With that in mind, I’m left thinking about a few key questions in the relationship between fashion and politics. Is this, as Simmel suggests, merely a change without significance, or is there perhaps a similarity between history (conceived through the lens of Marxist materialist historiography) and changes in fashion? Is fashion merely an index of the class struggle, or a relatively autonomous structure at least partially determining it?

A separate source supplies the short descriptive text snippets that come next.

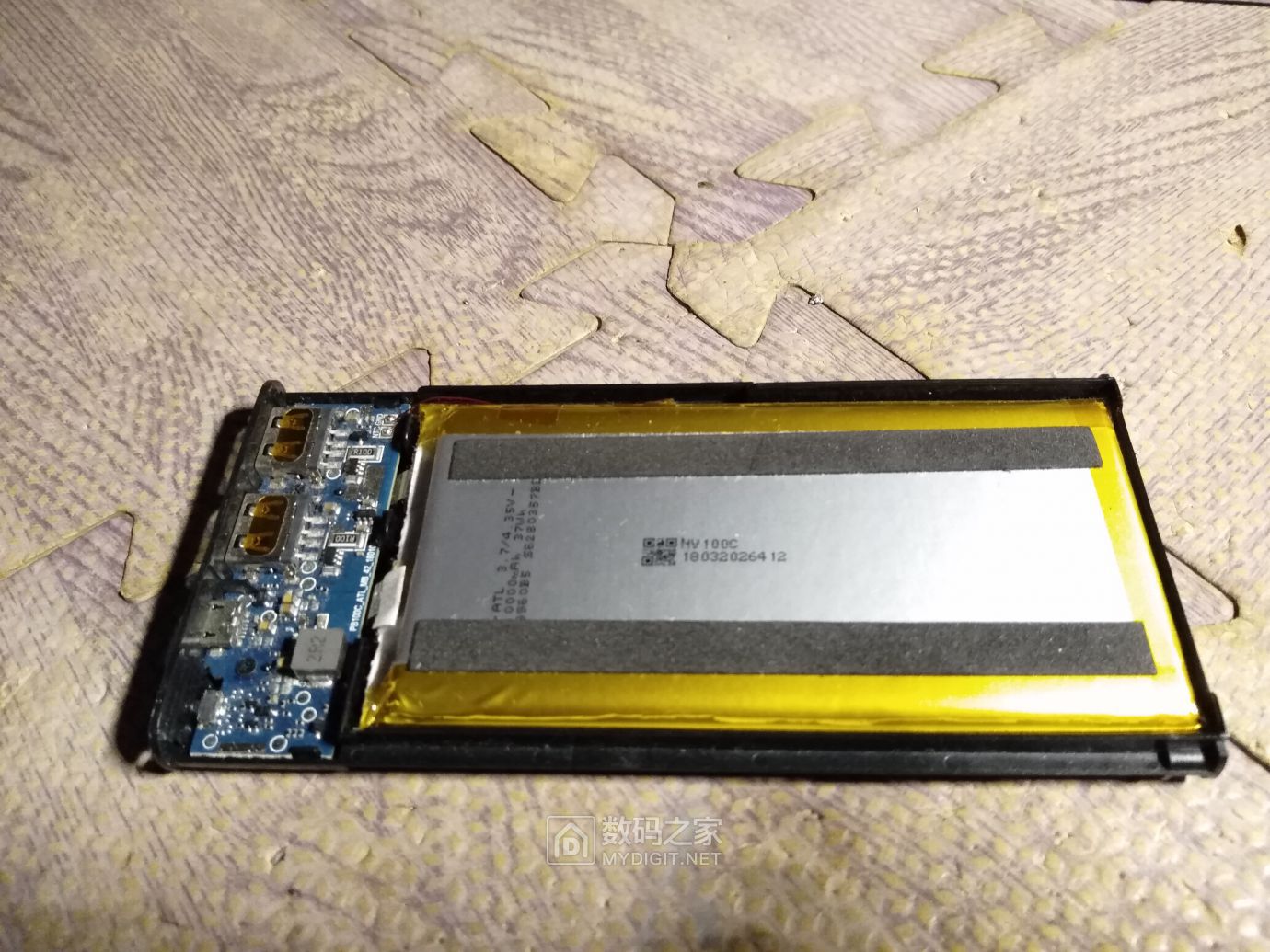 晒、测积分商城换购的PLM09ZM充电宝内部板子 - 电源/充电器 数码之家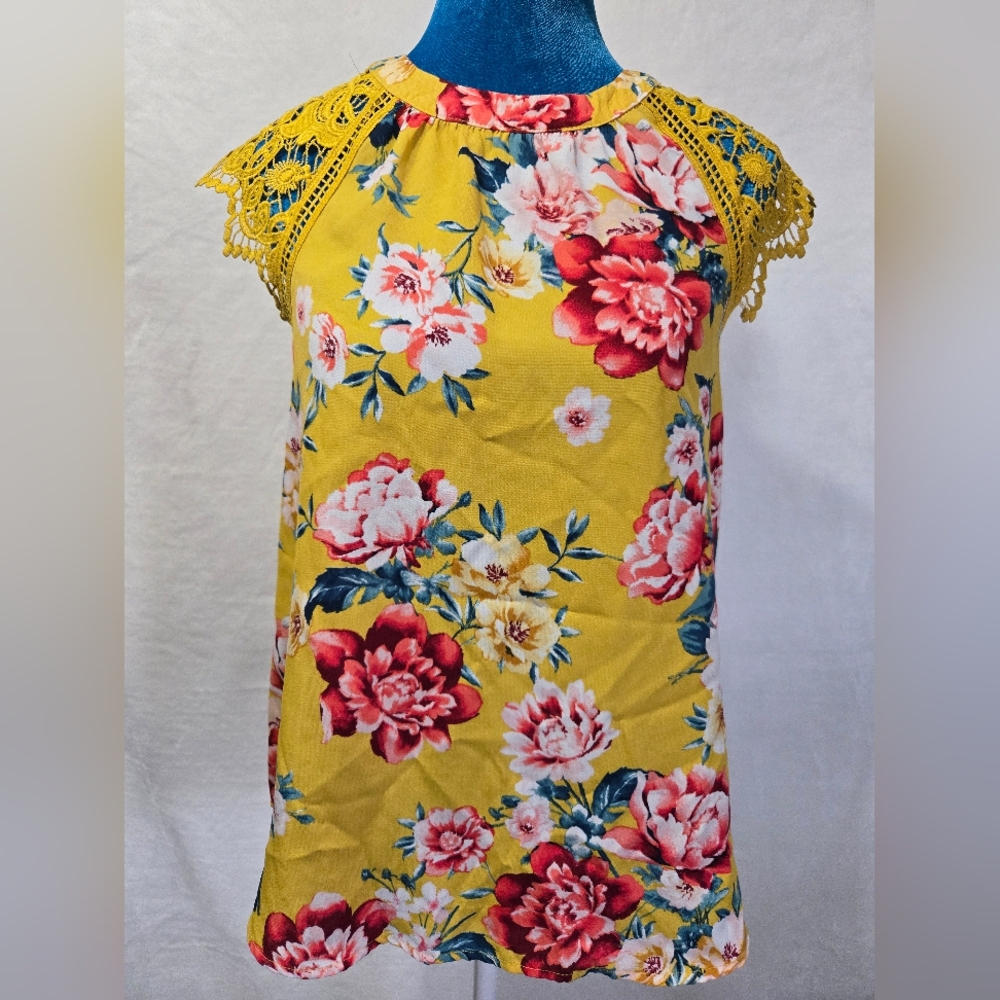 Sweet Wanderer Yellow Floral Lace Blouse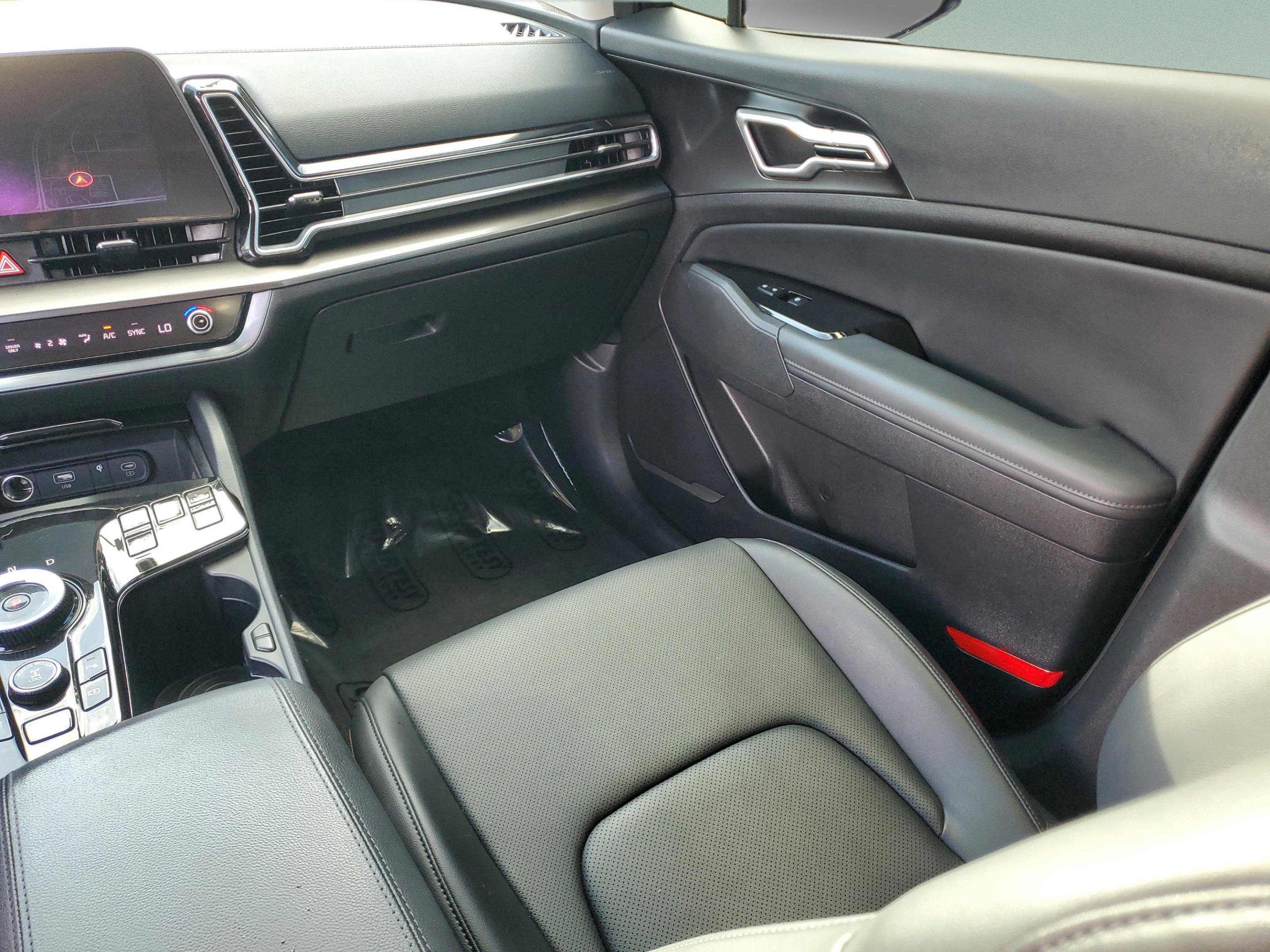 Used 2024 Kia Sportage EX image 12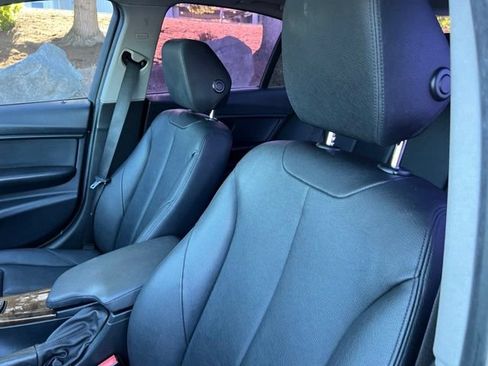 Used 2014 BMW 328i Sedan RWD image 10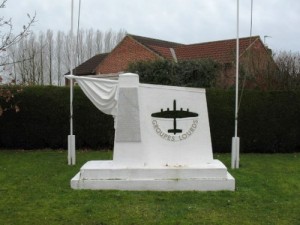 Le monument à la mémoire des Groupes Lourds français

I think there’s something alarming about a co-opting of a leftist demographic by a fashion that both plays at [read: romanticizes] poverty-chic and dissembles its own class origins. This is not to suggest that a faux-poverty (but always carefully distinguished from actual poverty – the best hipster outfits usually include one extremely expensive item) affected by middle and upper-classes is anything new; either basic observation or a casual reading of Bourdieu would quickly relieve anyone of that illusion. Clearly, Wayfarers are not cheap, and haute couture has always been the province of the upper classes. However, the confluence of form [heroin-chic, simple yet erotic shapes and cuts], content [a sort of vaguely anti-corporate, blue-collar affiliation] and imitation [neo-fascist/art deco looks] adopted by the youth set that has traditionally vocally represented leftist politics in Europe makes me wonder if late capitalist fashion isn’t somehow fundamentally altering the landscape of resistance. When Mauerpark and the 1st of May become a venue for hipster fashion, are we not seeing precisely the aestheticization of politics that Benjamin warns of?
What would an acceptable, leftist fashion look like? What would that mean? How do we think a post-Marxist or progressive concept of fashion, and what sort of obligations would it put on us for the marking and articulation of bodies? Is fashion itself necessarily opposed to a leftist politics?